For a brief moment, Semras felt pity for the old men. They were fools, but fools who had chosen their path in life believing it to be righteous. Products of a dying era, they could sense its end coming, yet didn’t know how to face it with grace; fear and stagnation had entrenched them too deeply in their outdated ways.
In a way, so were witches. They had been enemies for so long, but, in the inexorable march toward modernity, the Covens walked at the far back of the line hand in hand with the Inquisition.
The cardinal cleared his throat. “There is no need to speak of dying, Estevan. I am sure the tribunals understand that people are now allowed to return to a secular life in this day and age.” He turned his kind eyes toward the elderly judges. “Do you not agree? If you have a different opinion, it will be my pleasure to discuss the Inquisition’s future with the other cardinals … orwith the head of the Church of Elumenra directly, if you would prefer.”
The veiled threat quelled any protest the tribunals could have had. They gave a small bow to the cardinal, then silently left the Chamber of Judgment one after the other, shoulders hunched over with more weariness than Semras had seen them carry before. Estevan’s glare followed them the entire time.
She smiled privately. He was free. From chains, from prosecution, from the Elumenra insignia that had stood between them so often—and now he was hers, entirely hers.
She wanted so badly to jump into his arms. Restraining herself felt torturous, but she had to.
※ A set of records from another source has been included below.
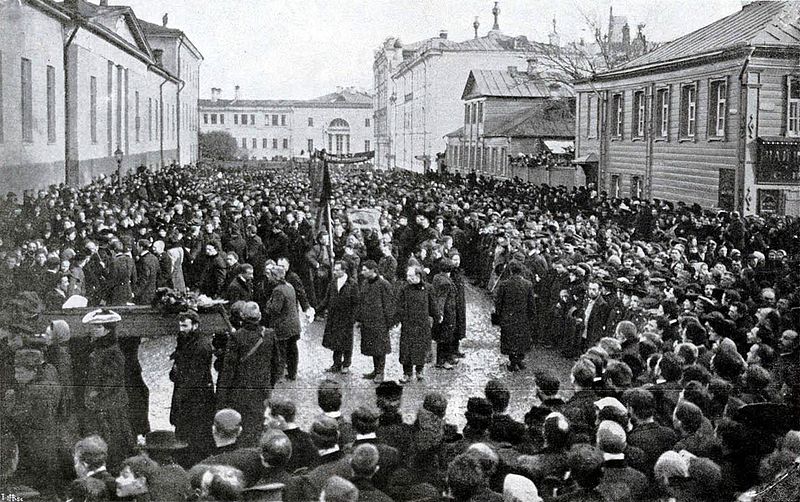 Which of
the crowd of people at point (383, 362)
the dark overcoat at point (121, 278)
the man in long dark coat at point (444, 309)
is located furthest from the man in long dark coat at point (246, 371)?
the dark overcoat at point (121, 278)

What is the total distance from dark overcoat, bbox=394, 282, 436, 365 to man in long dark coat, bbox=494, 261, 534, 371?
1231 mm

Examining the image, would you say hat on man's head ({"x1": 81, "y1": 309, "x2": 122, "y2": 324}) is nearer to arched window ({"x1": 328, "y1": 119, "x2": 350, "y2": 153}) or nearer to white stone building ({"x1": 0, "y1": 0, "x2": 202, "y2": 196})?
white stone building ({"x1": 0, "y1": 0, "x2": 202, "y2": 196})

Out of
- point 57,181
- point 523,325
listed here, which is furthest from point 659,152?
point 57,181

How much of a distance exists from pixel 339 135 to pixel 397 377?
69.9 feet

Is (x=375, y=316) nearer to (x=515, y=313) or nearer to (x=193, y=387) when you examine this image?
(x=515, y=313)

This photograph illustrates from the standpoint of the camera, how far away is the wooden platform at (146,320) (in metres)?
8.12

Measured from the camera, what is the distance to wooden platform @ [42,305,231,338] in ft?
26.6

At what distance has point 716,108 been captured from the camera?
48.9ft

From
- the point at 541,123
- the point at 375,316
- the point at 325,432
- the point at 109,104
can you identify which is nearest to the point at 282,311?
the point at 375,316

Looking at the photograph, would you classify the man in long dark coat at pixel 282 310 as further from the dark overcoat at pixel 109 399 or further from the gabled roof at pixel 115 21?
the gabled roof at pixel 115 21

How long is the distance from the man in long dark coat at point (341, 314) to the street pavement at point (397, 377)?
0.37 metres

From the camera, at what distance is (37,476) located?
20.8ft

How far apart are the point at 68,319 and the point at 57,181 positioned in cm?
542

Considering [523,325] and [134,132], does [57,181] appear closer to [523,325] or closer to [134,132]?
[134,132] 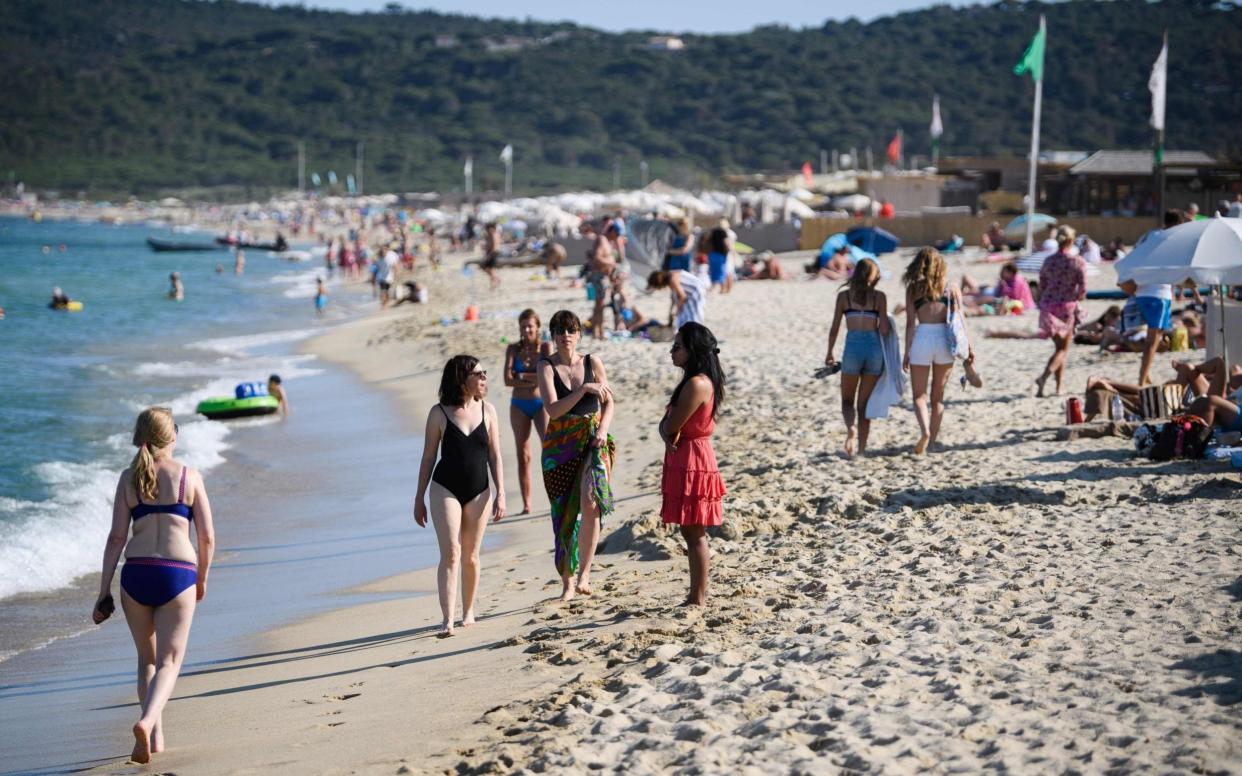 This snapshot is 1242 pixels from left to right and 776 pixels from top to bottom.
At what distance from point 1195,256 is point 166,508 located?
6580mm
She had already made a terrible blunder of her first meeting with her mother-in-law; she’d do better with her father-in-law.
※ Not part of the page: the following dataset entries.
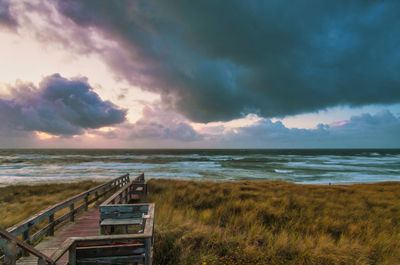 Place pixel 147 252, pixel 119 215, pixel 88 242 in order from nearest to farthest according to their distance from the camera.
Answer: pixel 88 242 → pixel 147 252 → pixel 119 215

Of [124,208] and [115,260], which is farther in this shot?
[124,208]

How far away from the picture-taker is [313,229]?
755 centimetres

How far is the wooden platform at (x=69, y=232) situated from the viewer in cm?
469

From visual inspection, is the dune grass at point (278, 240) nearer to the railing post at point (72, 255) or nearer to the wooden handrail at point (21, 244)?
the railing post at point (72, 255)

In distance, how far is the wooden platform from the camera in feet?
15.4

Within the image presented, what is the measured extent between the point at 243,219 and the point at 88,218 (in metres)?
6.61

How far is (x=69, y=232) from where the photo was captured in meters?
6.57

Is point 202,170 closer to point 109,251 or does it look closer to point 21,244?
point 109,251

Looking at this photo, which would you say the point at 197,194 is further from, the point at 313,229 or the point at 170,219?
the point at 313,229

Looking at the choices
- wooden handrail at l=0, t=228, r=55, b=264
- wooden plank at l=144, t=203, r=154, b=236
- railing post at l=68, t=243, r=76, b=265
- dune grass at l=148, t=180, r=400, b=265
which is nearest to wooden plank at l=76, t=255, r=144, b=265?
railing post at l=68, t=243, r=76, b=265

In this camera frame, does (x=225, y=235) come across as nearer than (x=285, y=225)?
Yes

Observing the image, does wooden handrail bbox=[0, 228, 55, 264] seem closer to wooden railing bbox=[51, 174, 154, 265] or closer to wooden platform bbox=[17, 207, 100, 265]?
wooden railing bbox=[51, 174, 154, 265]

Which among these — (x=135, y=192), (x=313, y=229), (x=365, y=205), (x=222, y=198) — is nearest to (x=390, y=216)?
(x=365, y=205)

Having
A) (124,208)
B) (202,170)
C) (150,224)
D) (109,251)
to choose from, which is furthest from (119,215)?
(202,170) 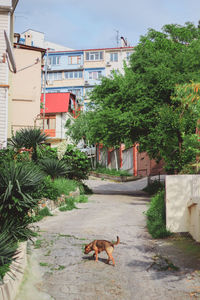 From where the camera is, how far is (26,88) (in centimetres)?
3152

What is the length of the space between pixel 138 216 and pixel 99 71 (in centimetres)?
4570

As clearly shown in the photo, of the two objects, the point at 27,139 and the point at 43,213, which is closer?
the point at 43,213

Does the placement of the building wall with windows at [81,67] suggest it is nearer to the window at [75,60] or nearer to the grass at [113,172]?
the window at [75,60]

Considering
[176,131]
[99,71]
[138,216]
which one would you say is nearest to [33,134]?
[138,216]

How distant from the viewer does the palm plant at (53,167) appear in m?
18.4

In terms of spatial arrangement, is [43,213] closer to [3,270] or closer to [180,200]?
[180,200]

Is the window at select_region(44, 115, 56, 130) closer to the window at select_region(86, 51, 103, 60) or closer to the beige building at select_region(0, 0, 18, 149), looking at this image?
the window at select_region(86, 51, 103, 60)

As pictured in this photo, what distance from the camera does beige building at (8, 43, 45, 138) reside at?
30844 mm

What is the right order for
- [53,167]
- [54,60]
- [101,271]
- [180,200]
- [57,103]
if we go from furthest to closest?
[54,60]
[57,103]
[53,167]
[180,200]
[101,271]

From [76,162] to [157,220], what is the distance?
1039 centimetres

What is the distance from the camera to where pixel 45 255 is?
925cm

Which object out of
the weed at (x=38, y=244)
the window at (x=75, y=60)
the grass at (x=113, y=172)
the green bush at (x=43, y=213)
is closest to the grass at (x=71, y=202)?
the green bush at (x=43, y=213)

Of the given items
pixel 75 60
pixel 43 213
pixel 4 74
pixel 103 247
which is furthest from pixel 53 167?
pixel 75 60

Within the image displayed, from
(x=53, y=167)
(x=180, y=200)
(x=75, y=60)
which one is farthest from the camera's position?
(x=75, y=60) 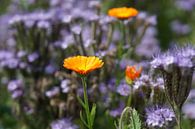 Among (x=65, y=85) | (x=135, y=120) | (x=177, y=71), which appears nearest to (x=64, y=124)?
(x=65, y=85)

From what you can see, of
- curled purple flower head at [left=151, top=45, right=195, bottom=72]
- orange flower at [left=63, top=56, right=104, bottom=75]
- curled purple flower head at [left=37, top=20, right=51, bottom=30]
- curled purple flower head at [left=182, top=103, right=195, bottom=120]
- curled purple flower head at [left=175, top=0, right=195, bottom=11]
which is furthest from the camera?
curled purple flower head at [left=175, top=0, right=195, bottom=11]

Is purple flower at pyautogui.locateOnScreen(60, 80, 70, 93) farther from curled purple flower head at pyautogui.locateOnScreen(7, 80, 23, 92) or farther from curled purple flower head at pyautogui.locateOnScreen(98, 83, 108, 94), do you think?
curled purple flower head at pyautogui.locateOnScreen(7, 80, 23, 92)

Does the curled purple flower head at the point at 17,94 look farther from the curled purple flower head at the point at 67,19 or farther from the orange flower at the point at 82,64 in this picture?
the orange flower at the point at 82,64

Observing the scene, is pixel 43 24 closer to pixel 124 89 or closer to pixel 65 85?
pixel 65 85

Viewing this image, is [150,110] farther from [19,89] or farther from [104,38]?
[104,38]

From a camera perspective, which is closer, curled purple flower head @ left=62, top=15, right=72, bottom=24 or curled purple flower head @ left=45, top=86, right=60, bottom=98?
curled purple flower head @ left=45, top=86, right=60, bottom=98

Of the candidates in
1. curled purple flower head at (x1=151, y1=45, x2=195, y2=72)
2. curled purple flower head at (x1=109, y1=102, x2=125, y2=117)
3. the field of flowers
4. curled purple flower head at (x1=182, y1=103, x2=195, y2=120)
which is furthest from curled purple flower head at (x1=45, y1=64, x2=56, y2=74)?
curled purple flower head at (x1=151, y1=45, x2=195, y2=72) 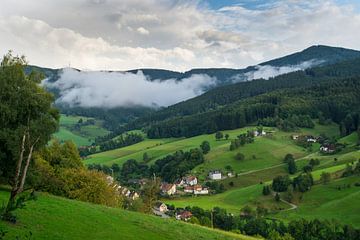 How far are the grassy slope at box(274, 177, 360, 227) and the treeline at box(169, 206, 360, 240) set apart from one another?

Her Wyrdtwined opened his arms for her, and her resolve crumbled at once. Semras ran into them, and he crushed her into his embrace, dropping his face into her neck and deeply inhaling the scent of her hair. Behind them, in a world that didn’t matter anymore, she heard a soft chuckle. After a brief—too brief—minute, they reluctantly stepped away from each other.
Estevan beheld her. His face went through a gallery of emotions, then settled on a frown. “This was not the plan,” he said, glancing at his brother.
Semras grinned. “I changed it. Your plans are always too complicated.”
He opened his mouth to reply, then stopped to glare at something beyond her shoulder.
Cael walked to them with an air of utter indifference. A few steps behind him, the cardinal was waiting patiently with his hands clasped behind his back.
“Debauched heretic,” he greeted his brother.
“Sanctimonious prick,” Estevan replied.
Semras kept her chuckle to herself. The brothers had their own peculiar way of apologizing to each other.
Cael cocked his head. “It appears we both suspected the other of our mentor’s death and acted accordingly.”